Flush with the success of its first major installation in the U.S., Halifax Biomedical is out to raise at least $17 million in capital to finance the roll out of six more sites in the next 18 months.

Mabou-based Halifax Biomedical has retained Precipice Capital of Dartmouth to arrange the funding, which it hopes will comprise at least $10 million in equity financing and $7 million in debt. It plans to close the round by June.

“It would be seen as an appropriate raise for the type of work we’re doing,” said CEO Chad Munro in an interview Wednesday.

The size of the fund will require Halifax Biomedical to look outside the region and likely in the U.S. for capital, joining a growing list of companies seeking money in Toronto, Boston or Silicon Valley. The advantages for successful companies often include higher valuations than afforded by local funders, and access to the expertise and contact networks of investors based elsewhere.

Halifax Biomedical’s main product is the roentgen stereophotogrammetric analysis or RSA, which is an X-ray device that allows two simultaneous X-rays to be taken from different angles.

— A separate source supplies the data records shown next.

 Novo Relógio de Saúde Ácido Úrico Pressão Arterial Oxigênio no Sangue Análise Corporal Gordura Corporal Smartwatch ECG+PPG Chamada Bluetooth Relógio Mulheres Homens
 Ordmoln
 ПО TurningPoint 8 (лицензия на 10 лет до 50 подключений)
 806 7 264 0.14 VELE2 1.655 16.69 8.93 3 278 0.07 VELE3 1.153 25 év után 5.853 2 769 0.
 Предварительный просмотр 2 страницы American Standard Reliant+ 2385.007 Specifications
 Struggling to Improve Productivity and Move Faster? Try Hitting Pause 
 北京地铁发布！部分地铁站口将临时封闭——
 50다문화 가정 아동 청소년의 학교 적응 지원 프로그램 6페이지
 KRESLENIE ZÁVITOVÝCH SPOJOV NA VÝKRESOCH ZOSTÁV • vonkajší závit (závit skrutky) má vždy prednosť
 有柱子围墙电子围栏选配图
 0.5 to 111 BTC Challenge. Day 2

It gives a surgeon an immediate and detailed picture of how an implant is taking hold in an orthopaedic patient.

The company installed its RSA last September at Midwest Orthopaedics at Rush, LLC, an orthopaedics group operating out of the Central DuPage Hospital in Chicago. Midwest Orthopaedics is recognized as the No. 3 orthopaedics clinic in the U.S., and its lead hip and knee surgeons Scott Sporer and Wayne Paprosky have been greatly impressed with RSA.

“They really believe in our solution and the technology we’re bringing in, and they promote it and use it with their patients,” said Munro, adding that it has been “really uplifting” to receive such validation of his system.

Halifax Biomedical now wants to install the system this year in three more “supersites”, which Munro defines as facilities that do at least 3,000 hip or knee replacements a year, are leaders in academic research and have other specialties. He said there are about 50 such hospitals in the U.S. and Canada.

He wants another three such installations next year.

Munro and his team looked at how much it would take to market, install and support six systems in supersites and came up with the $17 million figure.

He said his preference in terms of funders would be a strategic investor – a VC fund whose portfolio includes complementary companies in the orthopaedics space or a large company involved in orthopaedics that could assist in the roll out or become a potential acquirer.

In its last fundraising last October, Halifax Biomedical secured a $3 million investment, comprising $2 million from NSBI Venture Capital and $1 million from Enterprise Cape Breton Corporation.

Boston VC guru Mike Grandinetti, a Halifax Biomedical director, recently said he was working with a few Atlantic Canadian companies in raising “serious money” in the U.S.